Human ingenuity: the analogue computer, bent out of shape by my fun fisheye lens

Paul Gilding believes that our response to environmental damage will – eventually – be equally dramatic. I haven’t finished the book yet, but it’s great stuff so far. Too optimistic? I don’t know. But it cheers me up immeasurably to believe that humans will eventually respond appropriately to the growing crisis, and that it won’t be too little, too late. It certainly makes it easier to get out of bed in the mornings, and to carry on fighting the good green fight. No cannons required.

Other Stuff:

I am now in the Canary Islands, on my way to see the start of the Atlantic Rowing Race on Sunday. I’m watching, NOT rowing! I was due to be on La Gomera by now, but had a bit of a planes-trains-automobiles day yesterday. All was going well – walk 15 mins to station in Utrecht (Netherlands), get train to Amsterdam, catch plane, change planes in Madrid, land in Tenerife, get bus to Los Cristianos to catch the ferry…. except that the bus arrived 5 minutes after the last ferry of the day had left at 7pm. So here I am, still in sunny Los Cristianos. I’ll head over to La Gomera later on today. Watch this space for the news on the crews!


  • Hi Roz,

    Don’t be ashamed.  Such things always inspire awe and wonder and that’s OK – especially if it’s mixed with a little horror.  Artillery used to be a the forfront of technology for all militaries.  That computer is actually a little small compared to a battleship computer from the same era (at least American ones).  I’m told the firing computer for one of our ships required a good sized room. 

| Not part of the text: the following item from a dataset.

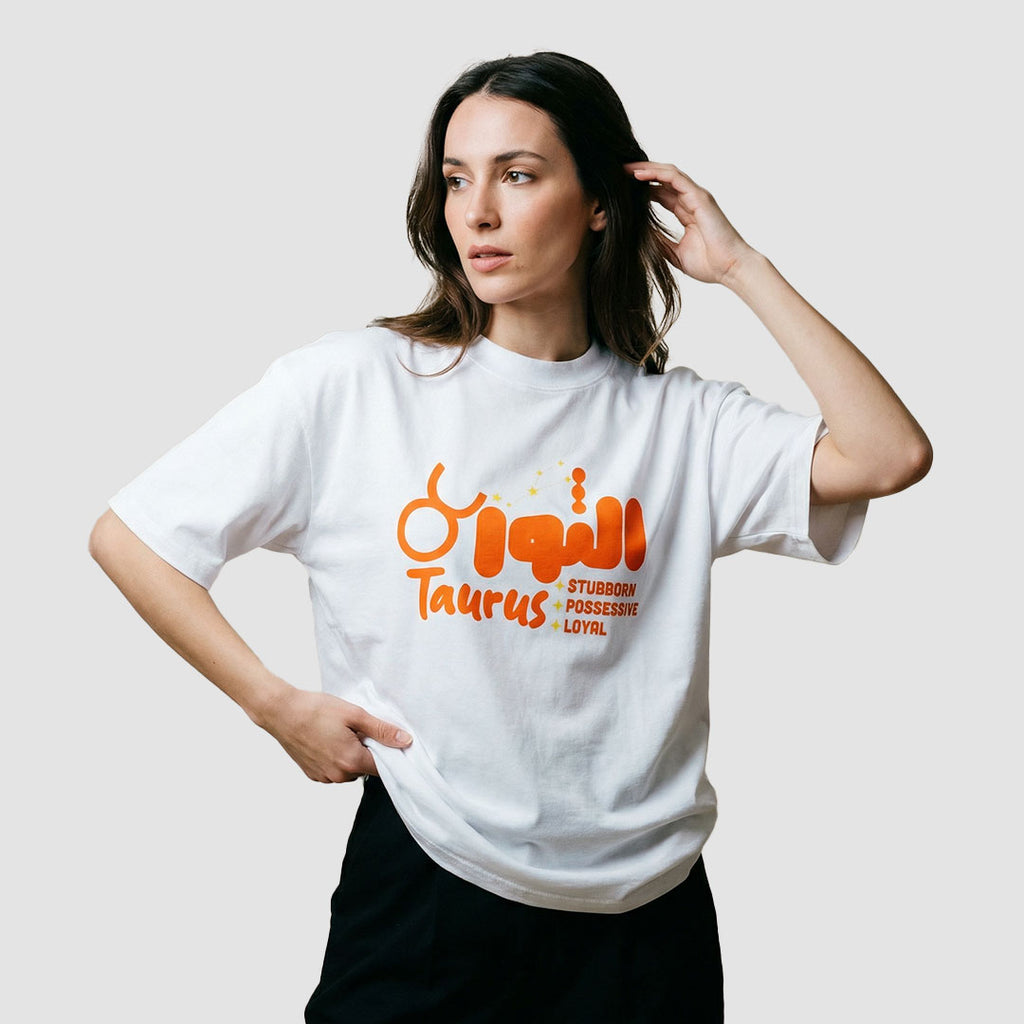 modella indossa maglietta unisex oversize bianca con scritta in inglese e arabo oroscopo toro - Totally Random®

    It’s amazing what humans can do when they put their minds to it.  But for correcting climate change the minds must be brought willingly on board.  The last thing the world needs is a communist style pogram that hurts nearly as many people as it helps.


    • The computer in Roz’s photo was for a 21cm gun.  It needed five men to man it.  The computer for the 38cm gun here at the Kanonmuseum required eleven men to acheive a firing solution.  Sadly, that computer is not to be found, it must have been a monster.  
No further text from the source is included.